■ **Task to complete**
For the listing below, print exactly the lines from the line with "Mesa de cabeceira" to the line with "Illustrazione marrone logo", both included, and nothing beyond them.

■ **Data to process**
+ + + + + + +

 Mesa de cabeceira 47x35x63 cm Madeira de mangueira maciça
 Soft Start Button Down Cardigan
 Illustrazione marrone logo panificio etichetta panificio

+ + + + + + +

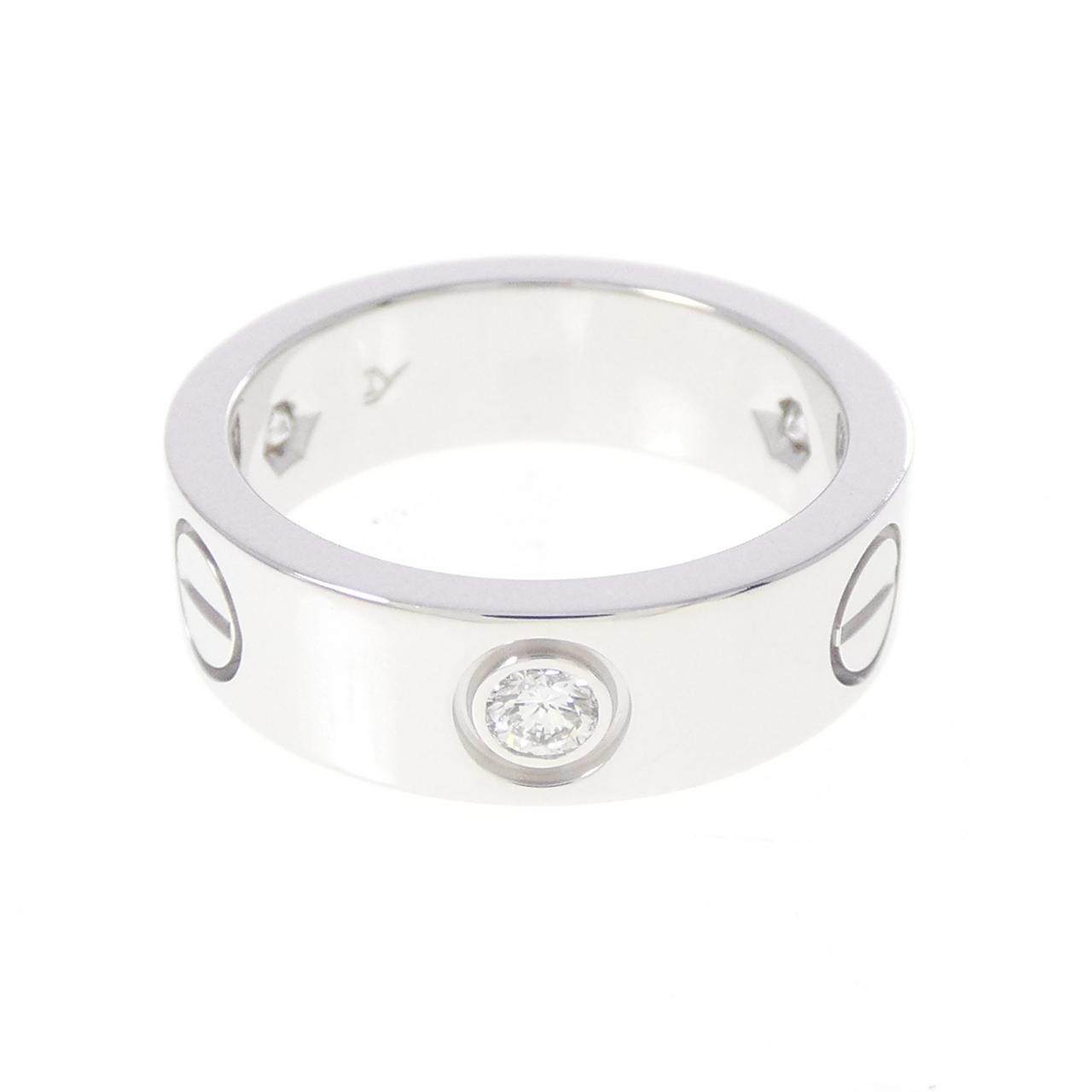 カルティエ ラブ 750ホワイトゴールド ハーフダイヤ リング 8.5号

+ + + + + + +

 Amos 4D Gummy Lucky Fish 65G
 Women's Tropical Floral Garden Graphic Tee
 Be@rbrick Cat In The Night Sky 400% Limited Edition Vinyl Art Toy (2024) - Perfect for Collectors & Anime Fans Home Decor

+ + + + + + +

■ **Answer below**
 Mesa de cabeceira 47x35x63 cm Madeira de mangueira maciça
 Soft Start Button Down Cardigan
 Illustrazione marrone logo panificio etichetta panificio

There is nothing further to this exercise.